Numina - Backend-Agnostic Array Library for Rust

A safe, efficient array library with ndarray-compatible operations, designed as the foundation for high-performance computing backends in Rust.

Features

Safe & Ergonomic: Memory-safe array operations with Rust's guarantees
Type Safe: Runtime shape and data type validation
Backend Agnostic: NdArray trait enables multiple backends (CPU, GPU, remote)
Extensible Types: Support for custom data types (BFloat16, quantized types)
Zero Dependencies: Pure Rust implementation

Quick Start

use numina::{Array, Shape, add, matmul, sum, F32};

// Create arrays
let a = Array::from_slice(&[1.0f32, 2.0, 3.0, 4.0], Shape::from([2, 2]))?;
let b = Array::from_slice(&[5.0f32, 6.0, 7.0, 8.0], Shape::from([2, 2]))?;

// Operations work on any NdArray backend
let c = add(&a, &b)?;           // Element-wise addition
let d = matmul(&a, &b)?;        // Matrix multiplication
let total = sum(&a, None)?;     // Sum all elements
let row_sums = sum(&a, Some(1))?; // Sum along axis

Core Types

Array<T>: Typed N-dimensional arrays for CPU operations
CpuBytesArray: Byte-based N-dimensional arrays for CPU operations
NdArray: Backend-agnostic trait for all array operations
Shape: Multi-dimensional array dimensions
DType: Data types (f32, f64, i8-i64, u8-u64, bool, custom types)

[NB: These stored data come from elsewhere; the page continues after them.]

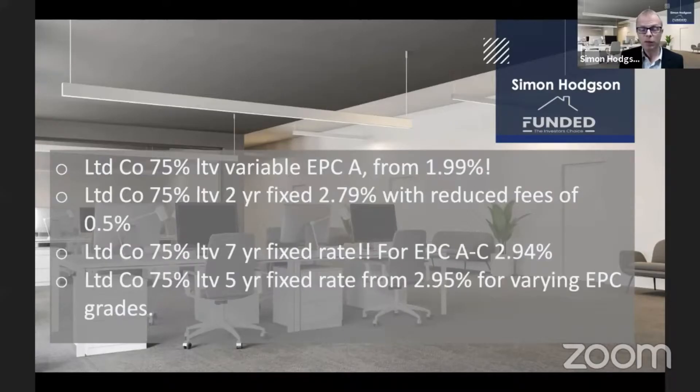Simon Hodgson gives the mortgage update for November 2021, covering the emergence of energy efficient mortgages. Lenders are now starting to produce products that are cheaper.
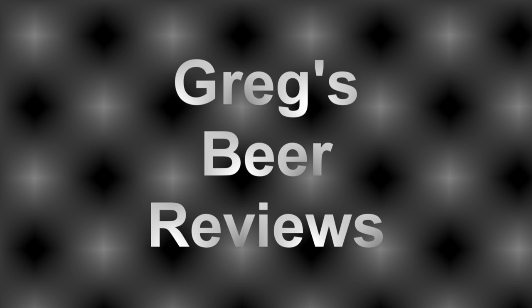Hello everybody, welcome to Greg's Beer Reviews today. Time to take that walk and go see what's in the fridge today.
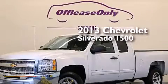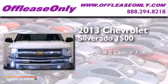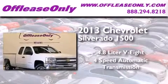This is a 2013 Chevrolet Silverado 1500. It features a 4.8-liter eight-cylinder engine and a four-speed automatic transmission. Plus, having just come off lease, this Chevrolet is in like-new condition.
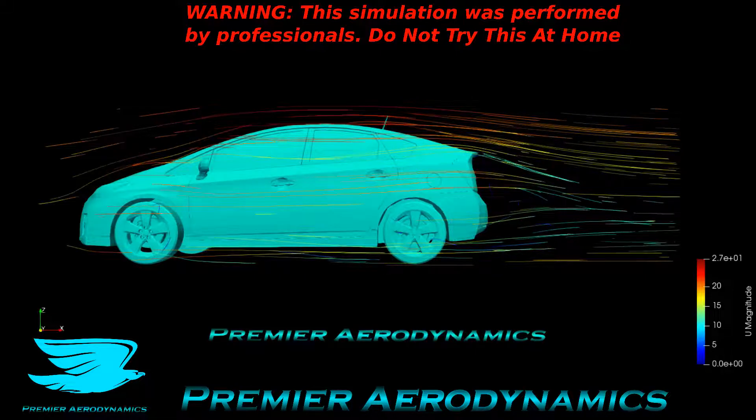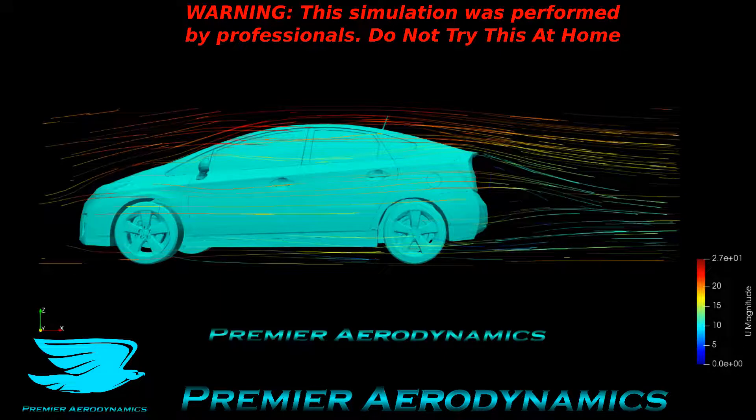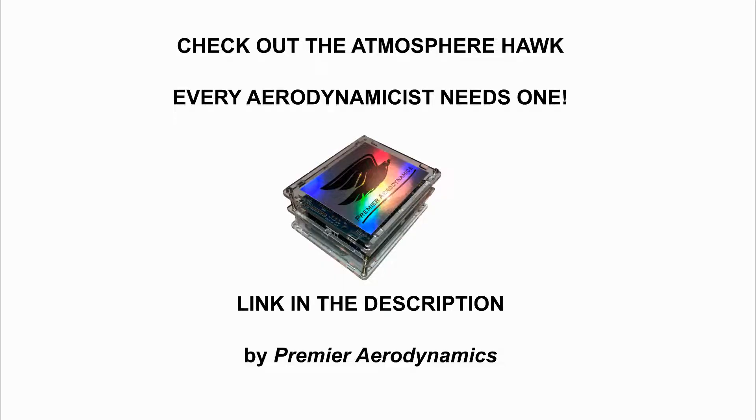Do you want a super easy way to make your experiments more accurate? Just measure the temperature, pressure, and humidity of the air you're using. Most aerodynamicists assume the air density is 1.2 or 1.225 kilograms per cubic meter, but it's not — every day is different. Graphs show it can easily be 2 or 3% different. So get an atmosphere walk: it accurately measures temperature, pressure, and humidity and gives you a very accurate density. Link in the description. Peace out, amigos.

Design Philosophy: Numina provides the low-level backend infrastructure. High-level tensor APIs (like Tensor types) are provided by dependent crates (for example, laminax-types) which build upon Numina's NdArray trait.

DType ID Table

Stable dtype IDs are serialized in Lamina IR and Laminax runtime. IDs are explicit and frozen.

FP8 formats follow the E4M3FN (finite-only, max 448) and E5M2 (Inf/NaN, max 57344) conventions with round-to-nearest-even (RTNE) rounding.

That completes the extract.